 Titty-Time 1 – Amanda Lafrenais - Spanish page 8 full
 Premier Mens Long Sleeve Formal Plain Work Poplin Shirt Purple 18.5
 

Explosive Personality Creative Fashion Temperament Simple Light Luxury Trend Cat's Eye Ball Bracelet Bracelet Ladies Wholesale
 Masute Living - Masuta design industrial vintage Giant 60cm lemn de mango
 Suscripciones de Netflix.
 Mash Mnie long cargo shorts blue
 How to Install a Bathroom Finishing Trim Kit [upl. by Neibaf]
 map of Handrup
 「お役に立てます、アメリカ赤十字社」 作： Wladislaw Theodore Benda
+ + + + + + +
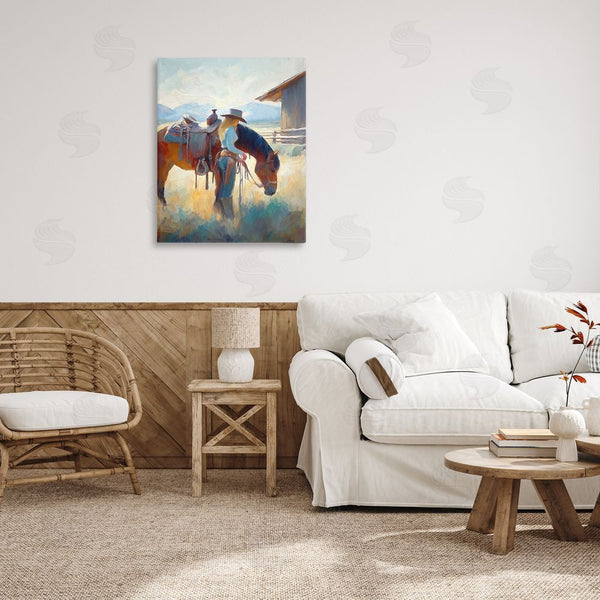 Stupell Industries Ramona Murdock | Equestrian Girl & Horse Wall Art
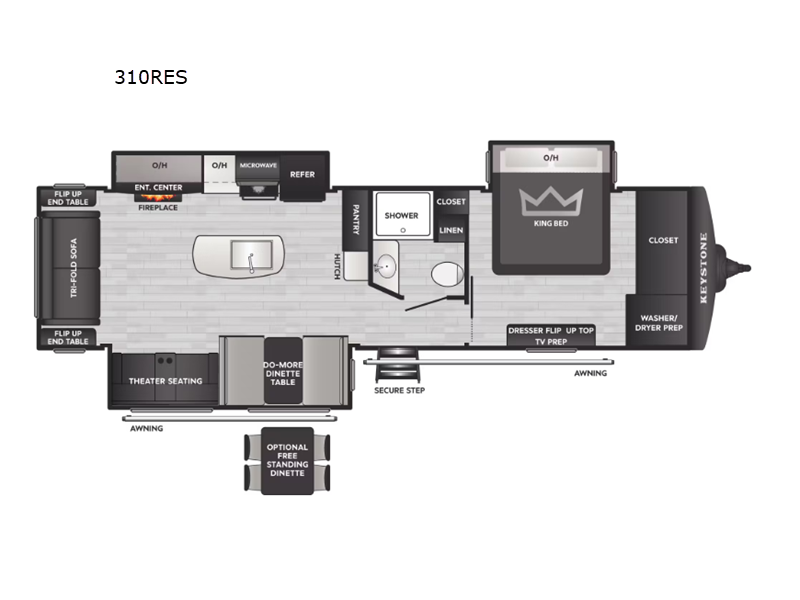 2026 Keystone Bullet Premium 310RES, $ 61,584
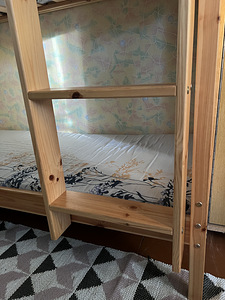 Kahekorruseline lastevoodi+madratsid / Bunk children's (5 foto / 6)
+ + + + + + +
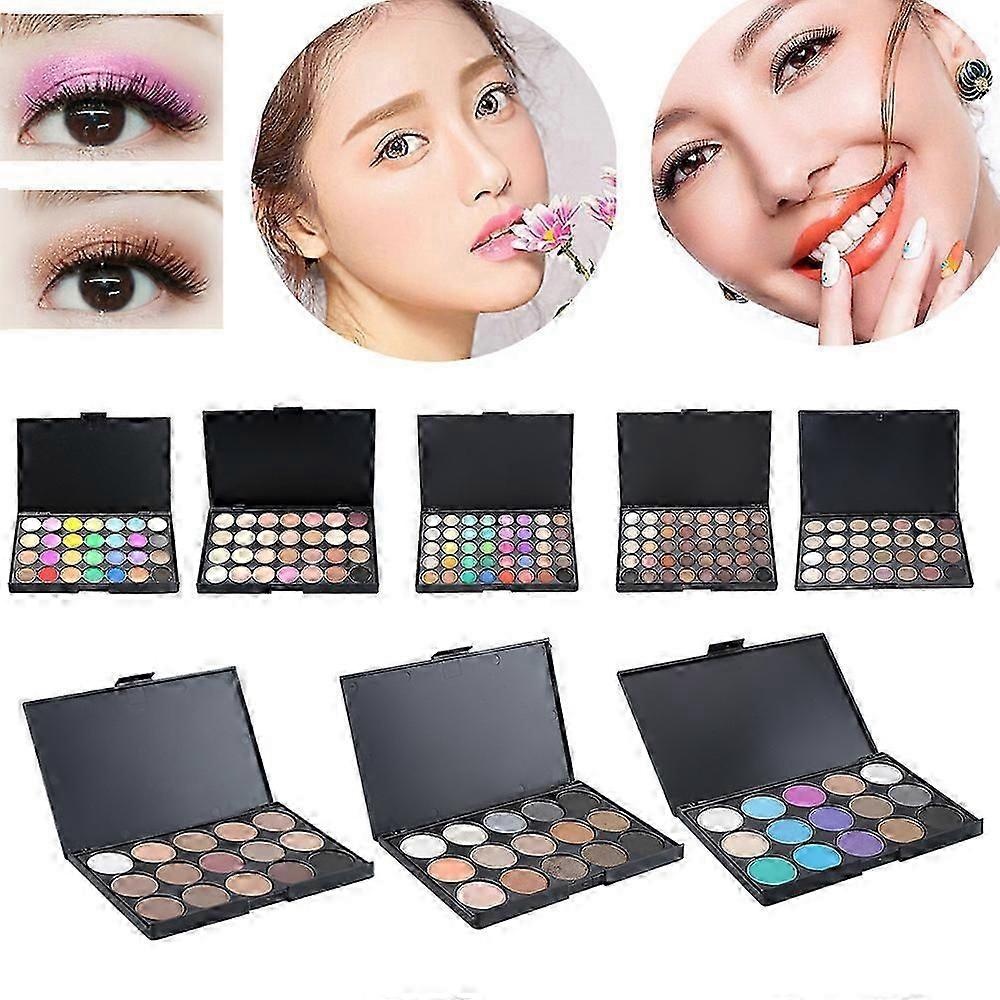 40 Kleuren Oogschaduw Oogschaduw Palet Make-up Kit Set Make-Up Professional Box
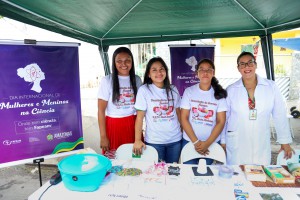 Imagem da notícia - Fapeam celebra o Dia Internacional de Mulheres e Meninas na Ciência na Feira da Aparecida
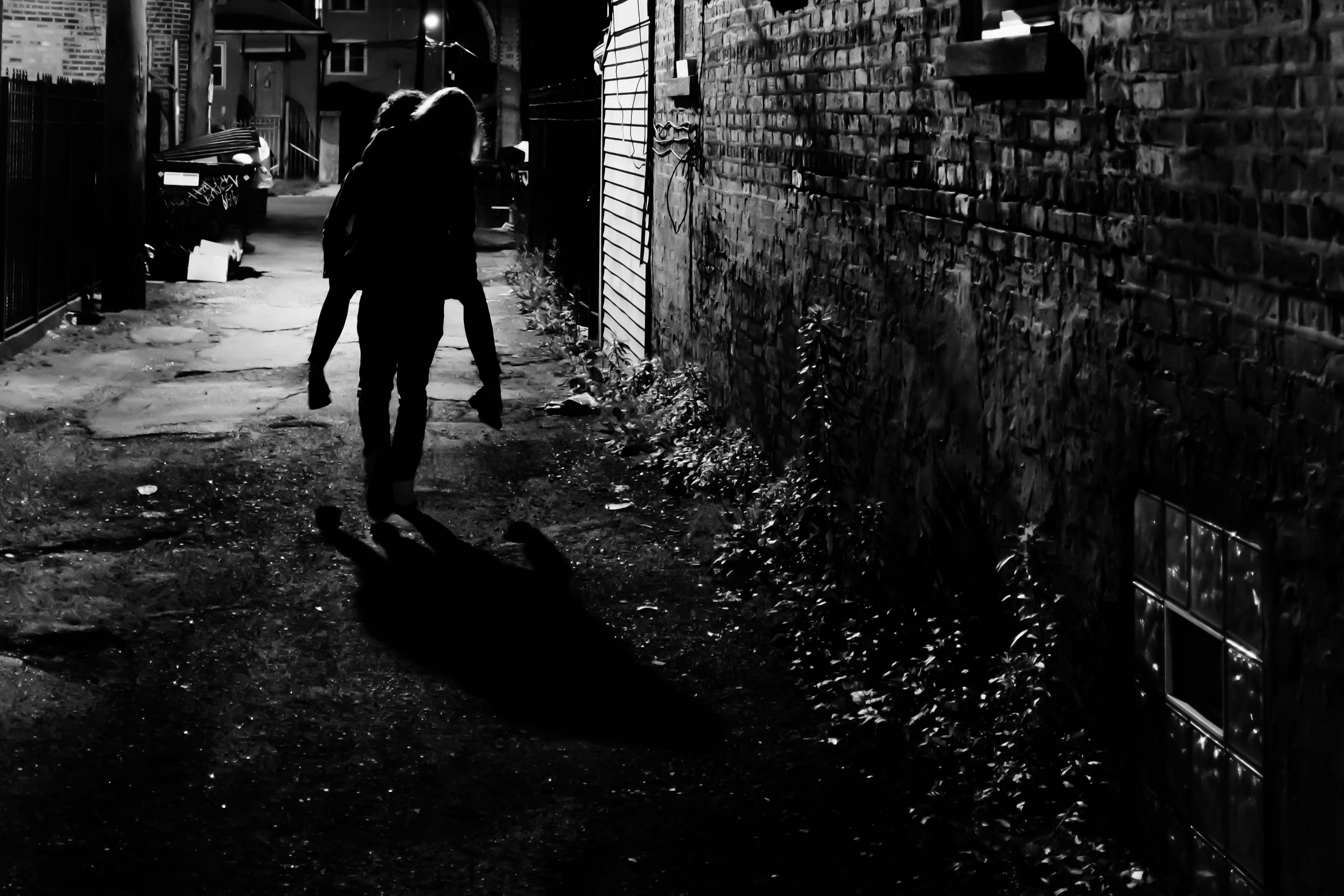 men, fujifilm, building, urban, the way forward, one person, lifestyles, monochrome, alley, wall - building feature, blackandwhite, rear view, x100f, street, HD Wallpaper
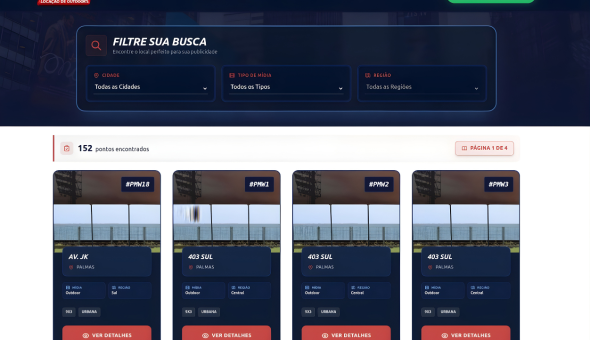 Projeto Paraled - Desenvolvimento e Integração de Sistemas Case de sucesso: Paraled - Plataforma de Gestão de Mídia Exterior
+ + + + + + +
• WHAT YOU SHOULD DO: In the entries above, find the line with "Premier Mens Long" and the line with "Wladislaw Theodore Benda", then restate word for word both of them and every line between, with nothing more.

• EXERCISE ANSWER:
 Premier Mens Long Sleeve Formal Plain Work Poplin Shirt Purple 18.5
 

Explosive Personality Creative Fashion Temperament Simple Light Luxury Trend Cat's Eye Ball Bracelet Bracelet Ladies Wholesale
 Masute Living - Masuta design industrial vintage Giant 60cm lemn de mango
 Suscripciones de Netflix.
 Mash Mnie long cargo shorts blue
 How to Install a Bathroom Finishing Trim Kit [upl. by Neibaf]
 map of Handrup
 「お役に立てます、アメリカ赤十字社」 作： Wladislaw Theodore Benda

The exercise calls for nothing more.